(Scena: preistoria, 200.000 a. C.: notte, due subumani discutono davanti a un falò di rametti secchi osservando dubbiosi l’immane cielo stellato sovra le loro teste.)
- Questo mondo mi incute paura. Perché siamo qui? E cosa ci succederà quando saremo morti?
- Beh, nulla, immagino: semplicemente non esisteremo più.
- Occazzo, ma è orrendo!
- Hai ragione. E tuttavia, purtroppo, ritengo sia anche inesorabile. Come vedi, gli animali di cui ci cibiamo dopo averli presi a mazzate e quindi arrostiti sulla brace, smettono di vivere, e si tramutano in pietanze immote. Perfino i nostri antenati sono deceduti, lo sappiamo per certo: un giorno hanno smesso di respirare e stop, in poco tempo si sono decomposti. Ciò lascia supporre che a noi accadrà lo stesso.
- Una simile prospettiva mi spaventa. Il pensiero della caducità nell’esistenza mi risulta insopportabile. Dobbiamo assolutamente trovare una soluzione più consolatoria. Vediamo. Aspetta, aspetta, ecco qua. Ho avuto un’idea: dovremmo persuaderci a vicenda che dopo morti abbandoneremo i nostri corpi ma in qualche modo saremo ancora vivi, in eterno, altrove, oltre le stelle.

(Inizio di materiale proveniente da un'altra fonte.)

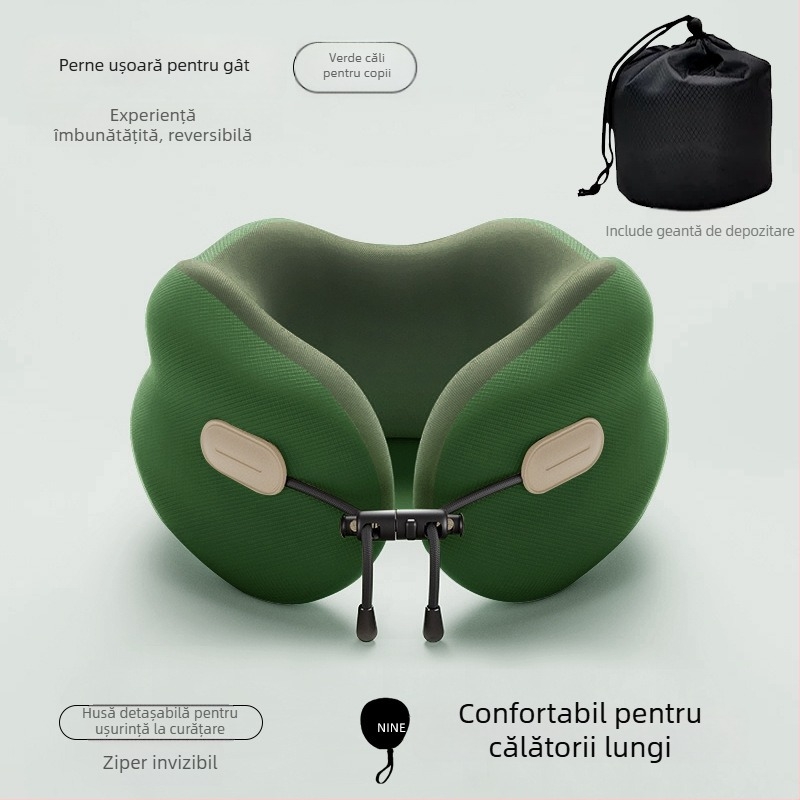 Pernă de gât din spumă cu memorie – în formă U, țesătură poliester-bumbac, stil modern minimalist, pentru adulți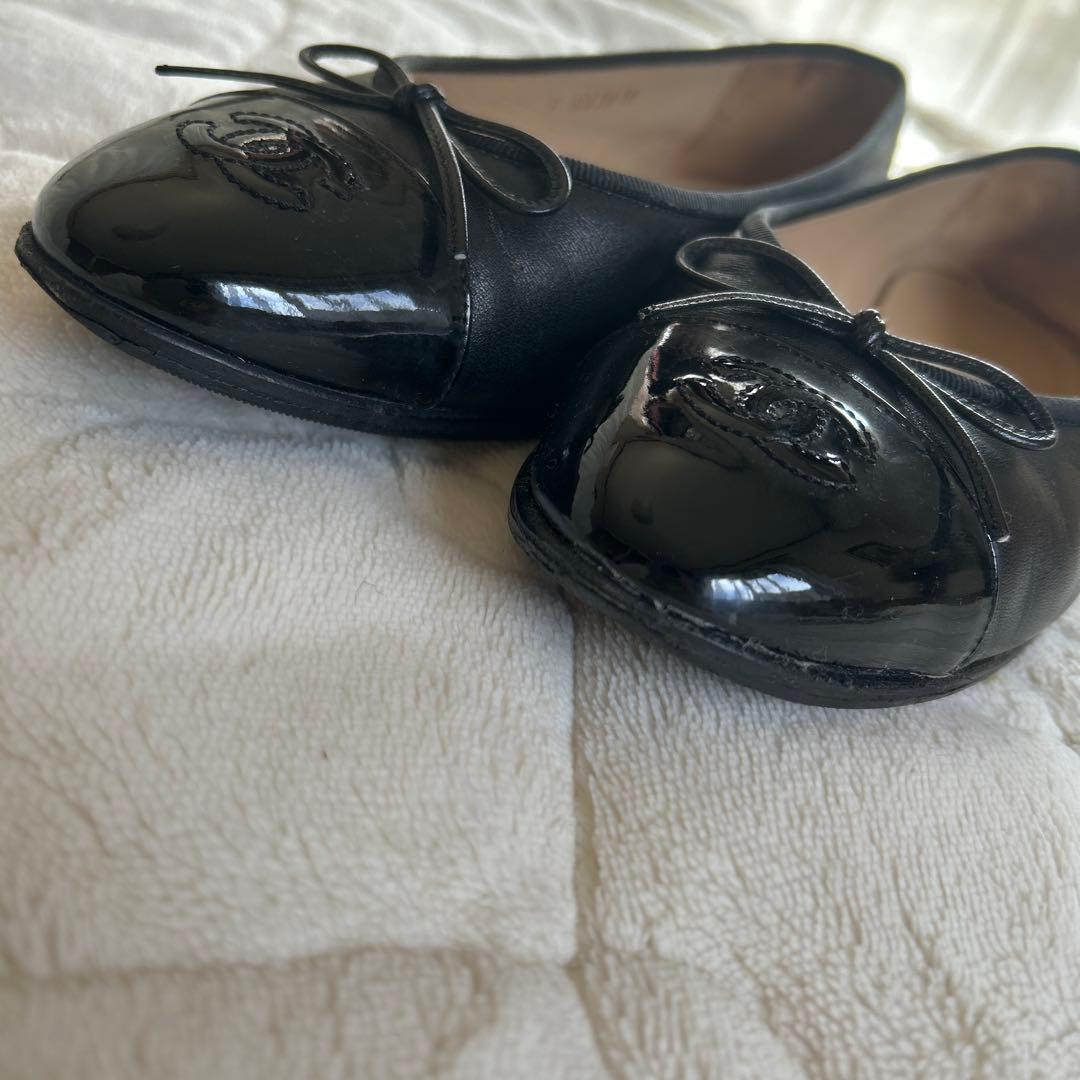 希少サイズ！シャネル バレリーナ バレエシューズ ブラック 39.5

- Oh bella. E come fai a dimostrarlo?
- Ovvio: mica lo dimostro. Nessuno può ne potrà mai dimostrarlo, se non morendo: con il trapasso appunto ci troveremo in un altro luogo – un luogo bellissimo e senza tempo – e tuttavia saremo privati di qualsivoglia opportunità fisica di comunicarne la presenza o meno ai viventi di questo mondo. Sono un genio, ammettilo.
- Ah ah, ma va’ a dormire, va’.
- Taci, primo fra tutti gli uomini ho appena intuito l’Aldilà. Questa mia invenzione vale molto più del pollice opponibile e del fuoco: salverà miliardi di persone dall’angoscia, dalla depressione.
- Ma scusa: se noi crepiamo, e le nostre membra vanno in putrefazione, come diavolo possiamo trasferirci in questi posti magnifici di cui parli? Camminando? Una volta immobili non saremo certo in grado migrare verso le regioni d’incanto infinito da te appena ideate.
- Mmm… Buona obiezione. Ah, ci sono: il corpo si consuma, d’accordo, ma esso custodisce una parte immateriale, evanescente, la piu profonda essenza di ciascun individuo. Chiamerò questa cosa anima: essa gode il privilegio dell’immortalità, ed e in grado di volare senza esser veduta. Sì, volare fuori dal corpo inanimato e recarsi in quei paradisi, come per una magia.
- Suvvia, che sciocchezza.
- Anzi, non una magia. Ancora meglio: una religione.
- Reliche? Un’altra tua scoperta di oggi?
- Senti qua: lassù, oltre il cielo, esseri invisibili – cui darò il nome di divinita, o di dei, per far prima – garantiscono il perpetuarsi delle vicende terrene. Tali creature sono benigne e dotate di immensi poteri. Ci osservano dall’alto. Comandano la natura, stabiliscono i destini e ci aspettano all’Altro Mondo, ove finalmente a noi si manifesteranno.
- E’ proprio forte questa tua dottrina in cui i testimoni sono invisibili o muti, e nulla può essere verificato se non tirando le cuoia.
- Esatto, e me ne compiaccio con me stesso. Dicevo: in questo modo nulla merita di essere temuto, nella vita. Possiamo tranquillamente lasciarci sbranare dagli orsi, ucciderci fra noi o patire le peggiori disgrazie: mal che vada, gli dei ci aspettano a braccia aperte. E in questo modo ti ho risolto altresì il motivo del nostro esistere: noi stiamo in questo posto infame a penare poiché lo vogliono quei sovrannaturali signori dell’Universo, ma da defunti riceveremo conforto e beatitudine, per sempre.
- Bravo, e così stasera hai inventato pure la fantascienza!
- Ma quale fantascienza. Ti ripeto, le ho imposto il nome di religione. Bella parola, religione, debbo ricordarmene, sento che questi concetti e il loro insegnamento godranno di un certo successo, in futuro. Potrei persino trarne un mestiere.
- Sono idee talmente insensate che nessuno ci crederà mai.